State v. Holsten

Annotate this Case

223 N.J. Super. 578 (1988)

539 A.2d 325


Superior Court of New Jersey, Appellate Division.

Submitted February 8, 1988.

Decided March 18, 1988.

*579 Before Judges J.H. COLEMAN, O'BRIEN and STERN.

John H. Stamler, Union County Prosecutor, attorney for appellant (Steven J. Kaflowitz, Assistant Prosecutor, of counsel).

Peter F. Skorney, attorney for respondent (Peter F. Skorney on the brief).

The opinion of the court was delivered by STERN, J.A.D.

Pursuant to leave granted, the prosecutor of Union County appeals from an order of the Assignment Judge dismissing an indictment charging defendant with possession of a firearm without a permit, N.J.S.A. 2C:39-5b; possession of a firearm with purpose to use it unlawfully against the person or property of another, N.J.S.A. 2C:39-4a; purposely or knowingly causing bodily injury with a deadly weapon, N.J.S.A. 2C:12-1b(2), and recklessly causing bodily injury with a deadly weapon, N.J.S.A. 2C:12-1b(3). We are constrained to reverse.

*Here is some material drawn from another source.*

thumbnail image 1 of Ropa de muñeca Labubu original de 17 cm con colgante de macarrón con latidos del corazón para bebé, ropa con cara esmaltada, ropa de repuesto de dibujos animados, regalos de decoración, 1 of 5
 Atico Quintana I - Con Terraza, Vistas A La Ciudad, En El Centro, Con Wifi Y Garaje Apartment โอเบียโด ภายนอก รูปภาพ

In order to understand the issues before us, a complete recital of the grand jury testimony is required. After the prosecutor introduced the case and indicated the charges for consideration, the victim testified. His entire testimony is as follows:

Q. Good morning, Mr. Dutton. If you would state for the record your full name and spell your last name. A. Eric Dutton, D-u-t-t-o-n. *580 Q. Where do you live, Mr. Dutton? A. 840 O Donald Road in Scotch Plains. Q. Directing your attention to the afternoon of June 22, 1987 while you were walking on North Avenue in Fanwood, were you hit by a BB that was shot at you from a passing car? A. Yes, sir. Q. Did you run after the car and catch up to it after you were hit? A. Yes, sir. Q. Did you see the driver of the car with a handgun in his hand? A. Yes, sir. Q. And did the driver put the gun down as you approached? A. Yes, he did. Q. Did you ask the driver why he shot at you? A. Yes, I did. Q. He said he didn't do it and that if he had, he would have known it? A. Yes, sir. Q. Now, did you tell him that you were going to call the police? A. Yes, I did. Q. Did he take off? A. Yes, he did. Q. Now, after the police were called, did you later see this same individual with the police? A. Yes, sir. Q. Now, the BB I gather hit you somewhere in the arm? A. Yes, sir. Q. And it caused a welt on your arm and pain? A. Yes, sir. Q. But it didn't break the skin, didn't require any treatment? A. There was no puncture, no. Q. Thank you. I have no further questions. [PROSECUTOR]: Any questions from the Grand Jury? (There is no response). [PROSECUTOR]: Being none, you may step down. Thank you for coming. (The witness is excused).

Thereafter the arresting officer testified before the grand jury.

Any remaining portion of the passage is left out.